The Corriere della Sera (; ) is an Italian daily newspaper published in Milan with an average daily circulation of 410,242 copies in December 2015.

First published on 5 March 1876, Corriere della Sera is one of Italy's oldest newspapers and is Italy's most read newspaper. Its masthead has remained unchanged since its first edition in 1876. It reached a circulation of over 1 million under editor and co-owner Luigi Albertini, between 1900 and 1925. He was a strong opponent of socialism, of clericalism, and of Prime Minister Giovanni Giolitti who was willing to compromise with those forces. Albertini's opposition to the Fascist regime forced the other co-owners to oust him in 1925.

Today its main competitors are Rome's la Repubblica and Turin's La Stampa.

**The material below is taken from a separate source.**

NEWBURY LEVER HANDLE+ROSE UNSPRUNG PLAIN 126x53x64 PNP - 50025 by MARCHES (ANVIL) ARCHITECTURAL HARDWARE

Corriere della Sera  has always being generally considered centre right leaning, hosting in its columns liberal and democratic cattolicism views.

History and profile
Corriere della Sera was first published on Sunday 5 March 1876 by Eugenio Torelli Viollier. In 1899 the paper began to offer a weekly illustrated supplement, La Domenica del Corriere ("Sunday of the Courier").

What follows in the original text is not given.